■ INFORMATION PROVIDED:
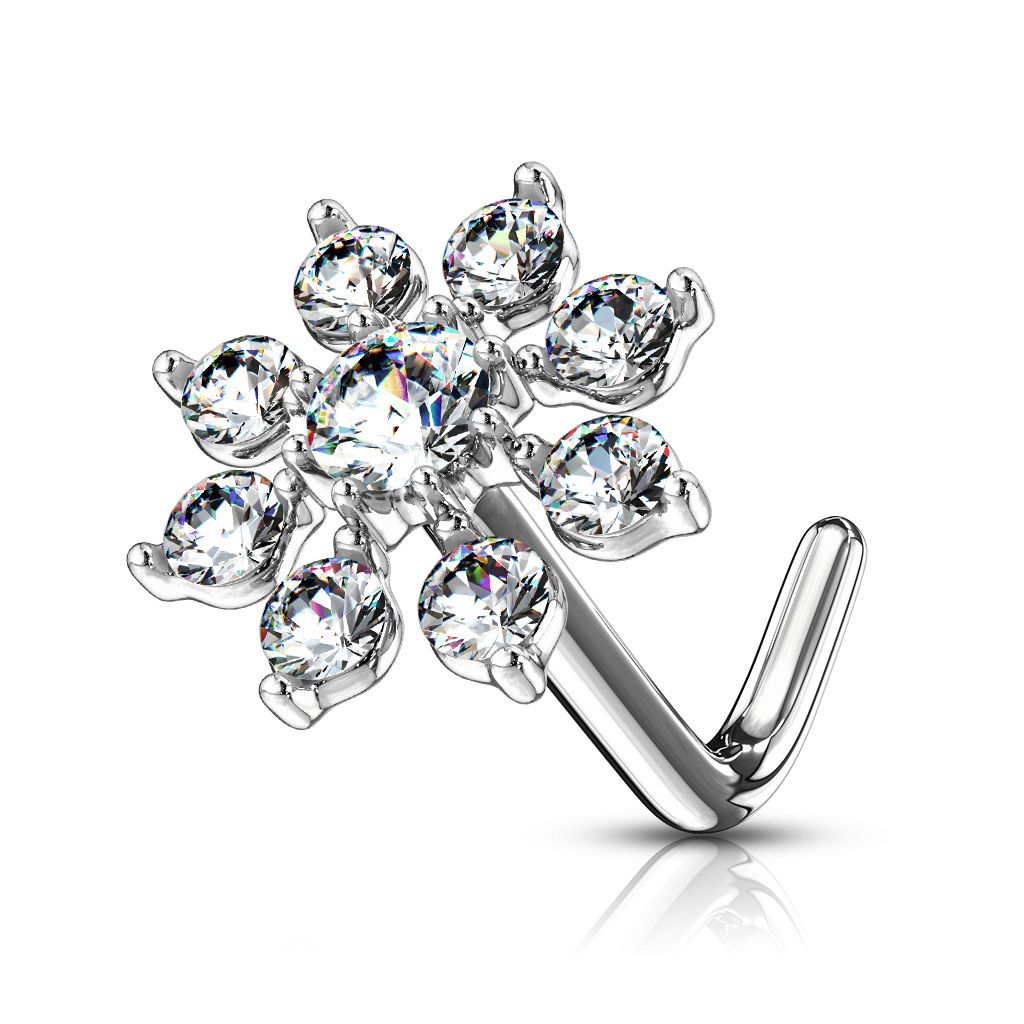 Sterns on sale nose rings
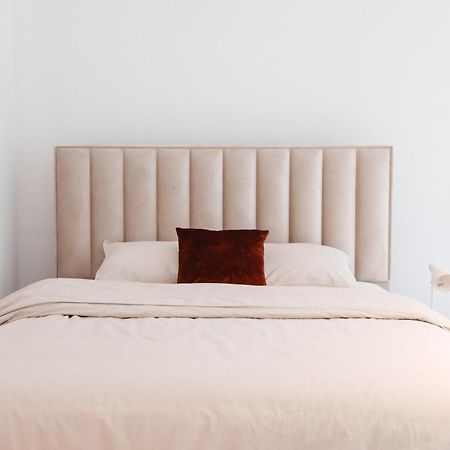 K-Suites Brussels Luaran gambar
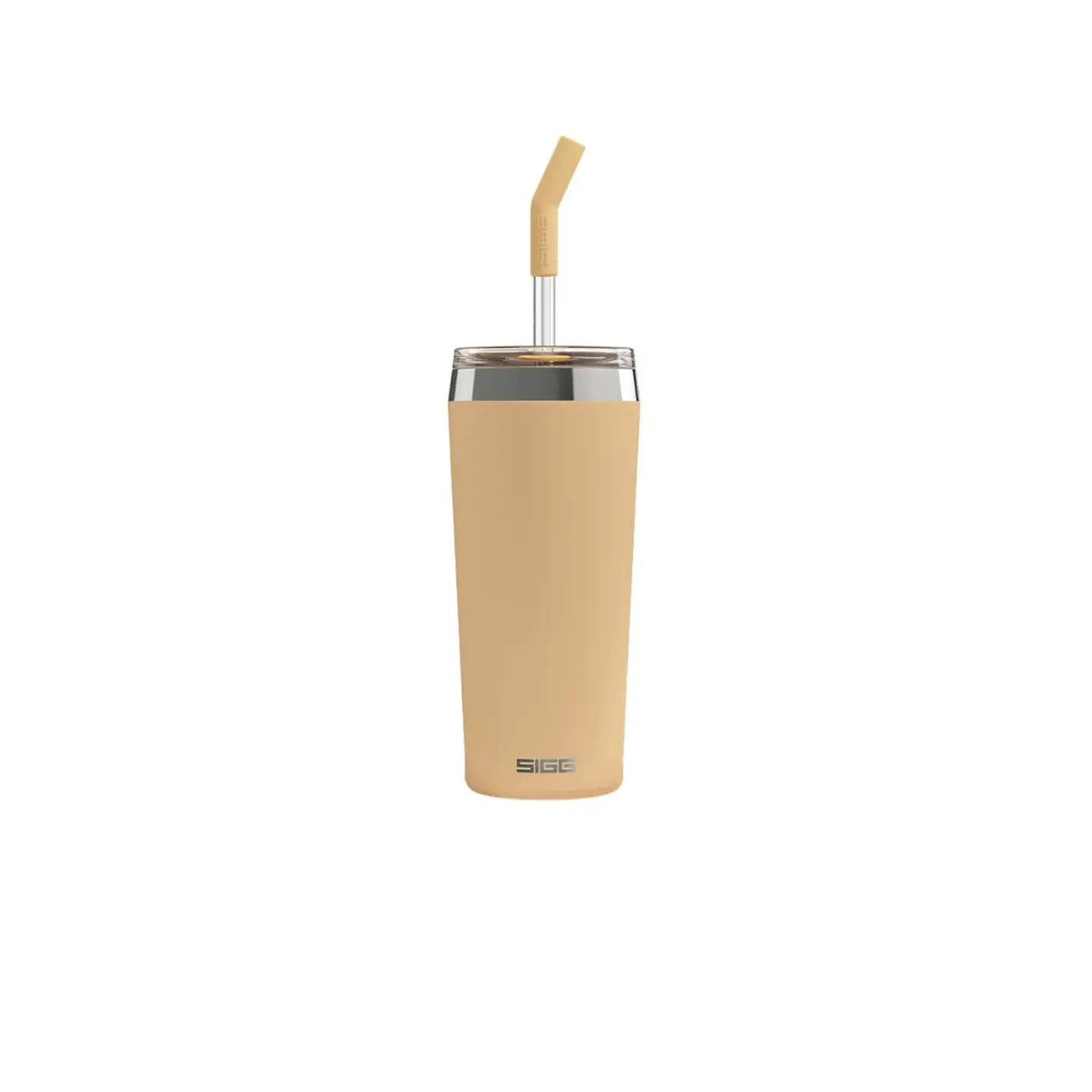 Copo Térmico SIGG Helia Muted Peach 600 ml 1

■ ACTIVITY:
Apart from its pictures, the data is to be repeated exactly.

■ ANSWER BELOW:
 Sterns on sale nose rings
 K-Suites Brussels Luaran gambar
 Copo Térmico SIGG Helia Muted Peach 600 ml 1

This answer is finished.